Sejauh mata memandang, Mora tidak menemukan eksistensi pria itu.
"Kalau kau sedang mencari Noir, lupakan. Dia tidak pernah bergabung untuk sarapan." Seolah bisa membaca pikirannya, Rune berujar dengan nada malas yang kentara. "Aku harap kau bukan pemilih menyangkut makanan." Ia menunjuk rentetan hidangan yang tersedia di atas meja dengan dagu, berhasil membuat Mora menganga.
Mora sudah lupa kapan terakhir kali dirinya melihat santapan senikmat dan selengkap ini. Air liurnya nyaris menetes keluar, tapi ia segera mengontrol diri dan mengambil tempat di sebelah anak kecil pencuri berlian.
"Dan kau adalah ..?" Pertanyaan Mora mengambang di udara. Rasanya tidak sopan terus-terusan memanggil anak itu sebagai pencuri.
"Namaku Tom," balas anak itu, masih asyik mengunyah roti mentega di dalam mulut.
Aneh sekali. Bagaimana bisa Tom bersikap seperti tidak terjadi apa-apa? Normalnya, seorang anak akan merasa sedih setelah dipisahkan secara paksa dari keluarganya. Mora mengulurkan tangan untuk mengambil beberapa hidangan dan dipindahkan ke atas piring. Satu-satunya sosok asing yang ia temui kemarin hanyalah Anna, jadi ia berasumsi kalau wanita itu juga yang telah memasak semua hidangan lezat di atas meja.
Mora benci kecanggungan, jadi ia berusaha memecahkan atmosfer tegang di sekitar mereka. "Namaku Morana," katanya kepada Rune.
"Aku tahu."
"Oh .." Mora berdeham sekali, mendadak kembali diserang kegugupan. Kenapa Rune harus bersikap sedingin itu? "Kau .. kau seorang manusia, kan?"
"Apa kau akan menusukku di jantung juga untuk membuktikan itu?" Rune memotong daging di atas piringnya dengan pisau, menciptakan bunyi melengking yang tidak enak didengar telinga.
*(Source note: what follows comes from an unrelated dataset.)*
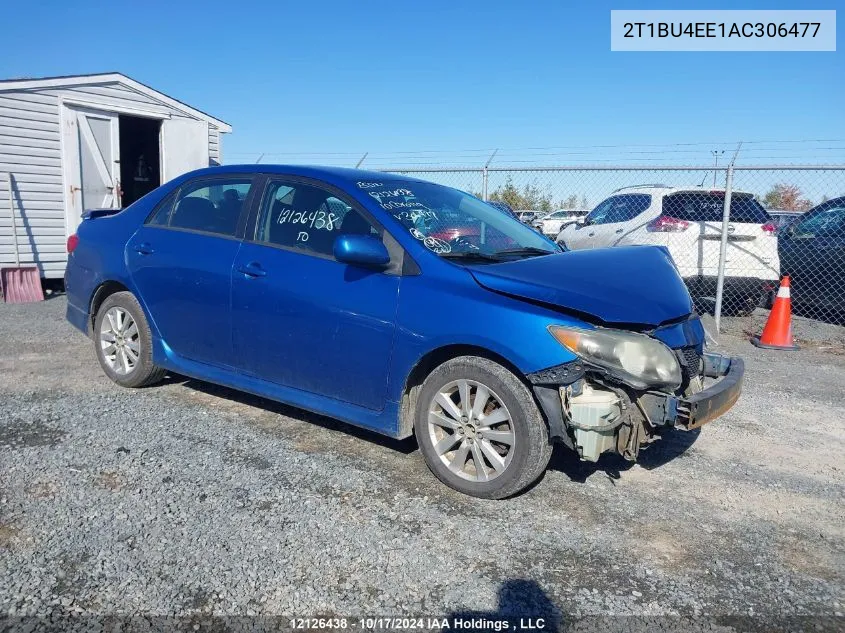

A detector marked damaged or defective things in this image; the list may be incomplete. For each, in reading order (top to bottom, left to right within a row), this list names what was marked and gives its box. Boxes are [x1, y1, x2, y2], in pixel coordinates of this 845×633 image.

damaged blue toyota corolla [66, 167, 740, 498]
exposed headlight assembly [552, 326, 684, 390]
crumpled front bumper [676, 350, 740, 430]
Apa Mora baru saja disindir?
Untuk kalimat sarkastik itu, Mora tidak melempar balasan. Ia benci kekalahan, tapi berdebat dengan seseorang yang belum ia kenal secara menyeluruh—terutama di sarang musuhnya sendiri—tidak terdengar baik sama sekali. Seusai makan diselimuti keheningan pekat, ia kembali diliputi kebingungan. Biasanya, ia akan membantu Nehemia membersihkan rumah dan tentu saja, menghabiskan waktu untuk berburu di hutan. Tidak ada ruang untuk bersantai. Jadi berada di tempat ini, dimana seluruh pekerjaan kasar sudah selesai dilakukan oleh sosok lain, membangkitkan memori masa lampaunya.
KAMU SEDANG MEMBACA
Embrace of Endless Night
FantasiaMorana Castello hanyalah gadis yang baru saja merayakan debutante saat keluarganya dinyatakan bangkrut. Demi bertahan hidup, mereka harus melipir ke desa terpencil bernama Avenell. Mora dipaksa untuk keluar dari zona nyamannya, melakukan segala cara...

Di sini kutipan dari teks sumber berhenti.